Nationalgeographic.co.id—Jauh sebelum kemerdekaan, swasembada beras pernah terjadi di Pulau Jawa pada 1939. Proses kemasyhuran ini sudah tampak dari beberapa tahun sebelumnya. Terhitung sejak 1936 hingga 1941, Pulau Jawa menjadi pengekspor beras dengan besaran ratusan ribu ton setiap tahunnya, dan berdampak pada perekonomian Hindia Belanda.
Kelimpahan beras ini bukan berarti semua orang dapat makan cukup. Kondisi ini mengharuskan Pemerintah kolonial Hindia Belanda memperbaiki sistem, guna memenuhi kebutuhan masyarakat di Jawa yang sangat bergantung pada beras sebagai makanan pokok.

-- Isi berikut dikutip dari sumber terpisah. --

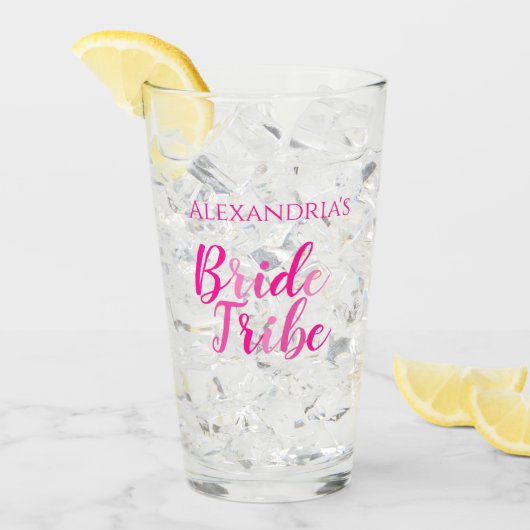 花嫁の名前 ブライズパーティー ホットピンク タンブラーグラス (アイス正面)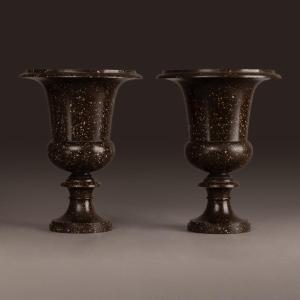 Imperial Manufacture Of Sarreguemines - Pair Of Medicis Vases - Porphyry Alike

Belum sempat terpikirkan, koloni Belanda terbesar itu harus tunduk ketika Kekaisaran Jepang memulai kekuasaannya pada Maret 1942. Tanpa perlawanan besar, Hindia Belanda segera hengkang, memberikan kekuasaan pada kekuatan besar dalam Perang Dunia II itu.
Upaya yang dilakukan pemerintah kolonial Belanda sebelum mangkir adalah menghancurkan sebagian sarana ekonomi, seperti rel kereta api dan jembatan.
Politik Beras Jepang
Kedatangan Kekaisaran Jepang tidak selalu menjadi harapan baru. Pada kebijakan pangan, terutama beras, pendudukan Jepang tidak memberikan perubahan apa-apa dari yang sudah ditentukan sejak zaman Hindia Belanda.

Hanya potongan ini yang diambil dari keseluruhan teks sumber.